WHAT YOU ARE ASKED TO DO:
When you copy from the entries that follow, take only the lines from the one with "Welcome to part" down to the one with "You will then", keeping both ends and dropping every picture.
[DATA EXCERPTS — start]
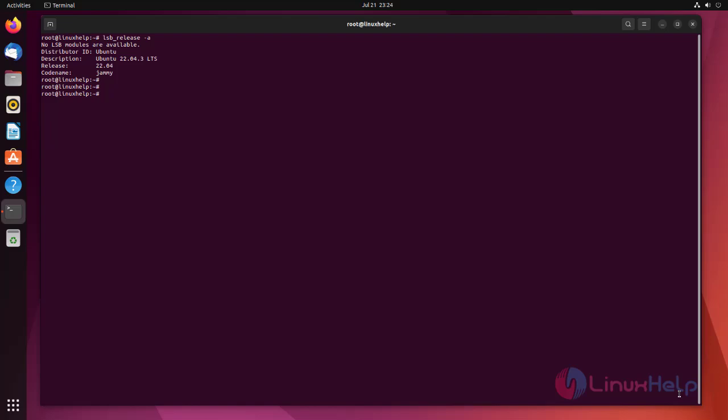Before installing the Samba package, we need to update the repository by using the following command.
[DATA EXCERPTS — finish]
[DATA EXCERPTS — start]
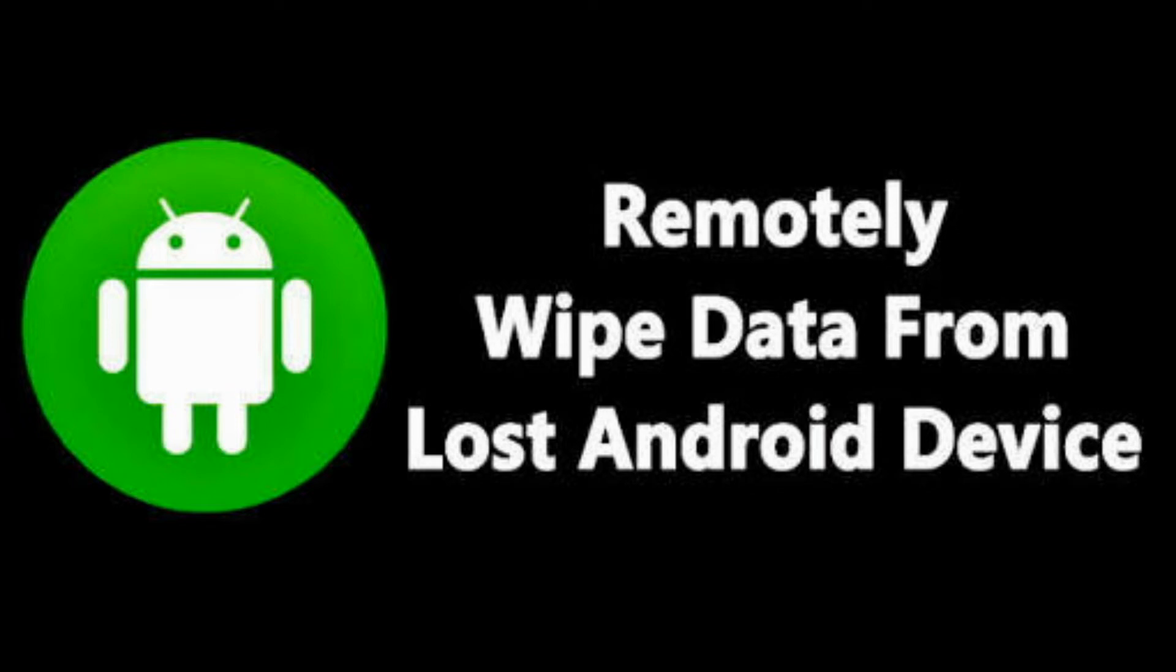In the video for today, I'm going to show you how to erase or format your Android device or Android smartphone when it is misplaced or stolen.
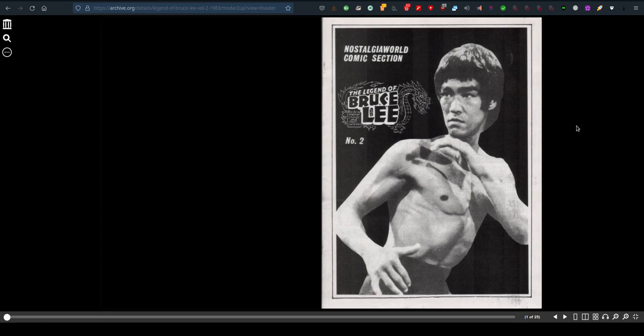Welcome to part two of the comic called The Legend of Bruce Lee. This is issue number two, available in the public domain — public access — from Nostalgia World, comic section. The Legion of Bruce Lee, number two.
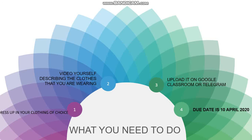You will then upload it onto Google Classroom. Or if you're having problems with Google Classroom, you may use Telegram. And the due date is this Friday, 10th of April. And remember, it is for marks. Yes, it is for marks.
[DATA EXCERPTS — finish]
[DATA EXCERPTS — start]
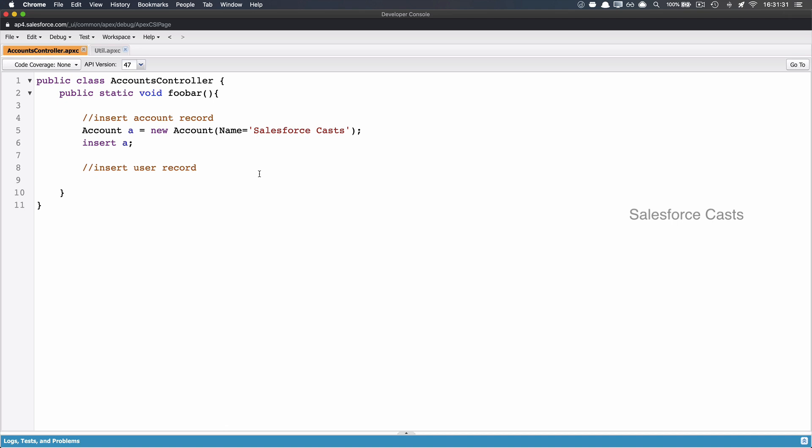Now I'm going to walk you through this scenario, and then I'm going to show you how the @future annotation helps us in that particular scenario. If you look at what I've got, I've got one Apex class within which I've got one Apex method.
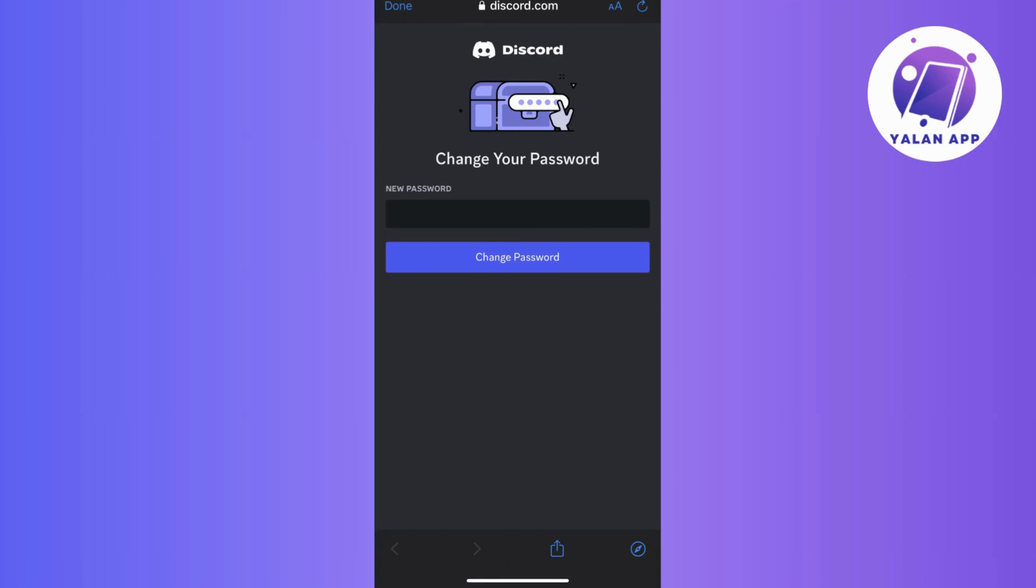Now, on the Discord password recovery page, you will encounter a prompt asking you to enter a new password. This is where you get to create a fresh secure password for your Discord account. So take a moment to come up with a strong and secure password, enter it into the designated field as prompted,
[DATA EXCERPTS — finish]
EXPECTED ANSWER:
Welcome to part two of the comic called The Legend of Bruce Lee. This is issue number two, available in the public domain — public access — from Nostalgia World, comic section. The Legion of Bruce Lee, number two.
You will then upload it onto Google Classroom. Or if you're having problems with Google Classroom, you may use Telegram. And the due date is this Friday, 10th of April. And remember, it is for marks. Yes, it is for marks.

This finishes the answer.